◆ Task brief:
I need the lines below from the one with "Beautiful Single-Family House" down to the one with "New 2026 Porsche" reproduced exactly, both ends included, and nothing else.
Exercise data START
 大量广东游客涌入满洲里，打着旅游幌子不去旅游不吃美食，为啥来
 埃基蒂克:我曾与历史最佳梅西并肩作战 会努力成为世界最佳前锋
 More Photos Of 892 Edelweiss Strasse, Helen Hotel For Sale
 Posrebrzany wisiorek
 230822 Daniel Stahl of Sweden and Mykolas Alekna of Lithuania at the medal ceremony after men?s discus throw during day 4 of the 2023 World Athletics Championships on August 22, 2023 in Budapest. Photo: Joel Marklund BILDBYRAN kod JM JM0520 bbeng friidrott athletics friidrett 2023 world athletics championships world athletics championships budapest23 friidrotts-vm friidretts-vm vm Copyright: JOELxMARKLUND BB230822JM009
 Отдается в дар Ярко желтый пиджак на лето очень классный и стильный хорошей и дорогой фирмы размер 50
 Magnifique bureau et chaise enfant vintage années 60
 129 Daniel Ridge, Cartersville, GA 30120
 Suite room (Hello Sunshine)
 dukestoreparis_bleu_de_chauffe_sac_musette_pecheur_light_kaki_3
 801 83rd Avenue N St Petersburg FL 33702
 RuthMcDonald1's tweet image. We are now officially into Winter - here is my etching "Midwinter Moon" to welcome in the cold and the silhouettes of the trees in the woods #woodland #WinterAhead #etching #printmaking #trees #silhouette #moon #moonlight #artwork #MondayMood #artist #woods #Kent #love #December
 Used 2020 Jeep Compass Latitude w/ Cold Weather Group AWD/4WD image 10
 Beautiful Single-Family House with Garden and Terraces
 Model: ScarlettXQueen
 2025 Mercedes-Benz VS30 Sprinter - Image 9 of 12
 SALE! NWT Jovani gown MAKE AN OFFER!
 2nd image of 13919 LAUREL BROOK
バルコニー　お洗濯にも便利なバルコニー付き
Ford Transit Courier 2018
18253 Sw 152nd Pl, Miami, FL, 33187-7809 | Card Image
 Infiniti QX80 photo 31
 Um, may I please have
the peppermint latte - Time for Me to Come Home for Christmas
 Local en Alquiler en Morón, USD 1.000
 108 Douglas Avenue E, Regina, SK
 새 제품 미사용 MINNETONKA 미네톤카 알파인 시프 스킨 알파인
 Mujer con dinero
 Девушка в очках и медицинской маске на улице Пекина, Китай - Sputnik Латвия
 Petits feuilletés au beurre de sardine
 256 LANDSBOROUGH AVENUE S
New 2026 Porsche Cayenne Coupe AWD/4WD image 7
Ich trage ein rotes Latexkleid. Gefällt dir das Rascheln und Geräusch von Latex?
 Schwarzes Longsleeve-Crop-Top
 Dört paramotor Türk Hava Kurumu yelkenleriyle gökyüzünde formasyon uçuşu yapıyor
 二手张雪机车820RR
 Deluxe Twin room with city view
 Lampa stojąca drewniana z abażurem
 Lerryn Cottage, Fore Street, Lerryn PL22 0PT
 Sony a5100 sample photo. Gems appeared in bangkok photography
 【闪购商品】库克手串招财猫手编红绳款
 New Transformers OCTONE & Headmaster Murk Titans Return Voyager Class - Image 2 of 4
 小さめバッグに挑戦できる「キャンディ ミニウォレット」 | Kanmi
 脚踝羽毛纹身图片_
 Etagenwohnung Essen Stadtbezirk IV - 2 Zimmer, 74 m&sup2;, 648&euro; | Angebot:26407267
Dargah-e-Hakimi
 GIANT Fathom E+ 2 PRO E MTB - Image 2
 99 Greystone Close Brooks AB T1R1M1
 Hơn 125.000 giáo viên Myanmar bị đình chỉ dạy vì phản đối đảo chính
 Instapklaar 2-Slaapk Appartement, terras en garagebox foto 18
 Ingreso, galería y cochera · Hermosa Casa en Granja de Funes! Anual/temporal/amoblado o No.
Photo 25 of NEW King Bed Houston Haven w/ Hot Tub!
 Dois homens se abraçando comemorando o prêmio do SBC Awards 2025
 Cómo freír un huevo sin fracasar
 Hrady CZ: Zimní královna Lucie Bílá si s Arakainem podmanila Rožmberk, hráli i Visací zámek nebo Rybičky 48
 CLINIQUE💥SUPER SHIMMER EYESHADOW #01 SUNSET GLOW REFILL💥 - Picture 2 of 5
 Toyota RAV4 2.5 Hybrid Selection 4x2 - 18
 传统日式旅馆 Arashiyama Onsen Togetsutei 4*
Exercise data END
◆ Exercise response:
 Beautiful Single-Family House with Garden and Terraces
 Model: ScarlettXQueen
 2025 Mercedes-Benz VS30 Sprinter - Image 9 of 12
 SALE! NWT Jovani gown MAKE AN OFFER!
 2nd image of 13919 LAUREL BROOK
バルコニー　お洗濯にも便利なバルコニー付き
Ford Transit Courier 2018
18253 Sw 152nd Pl, Miami, FL, 33187-7809 | Card Image
 Infiniti QX80 photo 31
 Um, may I please have
the peppermint latte - Time for Me to Come Home for Christmas
 Local en Alquiler en Morón, USD 1.000
 108 Douglas Avenue E, Regina, SK
 새 제품 미사용 MINNETONKA 미네톤카 알파인 시프 스킨 알파인
 Mujer con dinero
 Девушка в очках и медицинской маске на улице Пекина, Китай - Sputnik Латвия
 Petits feuilletés au beurre de sardine
 256 LANDSBOROUGH AVENUE S
New 2026 Porsche Cayenne Coupe AWD/4WD image 7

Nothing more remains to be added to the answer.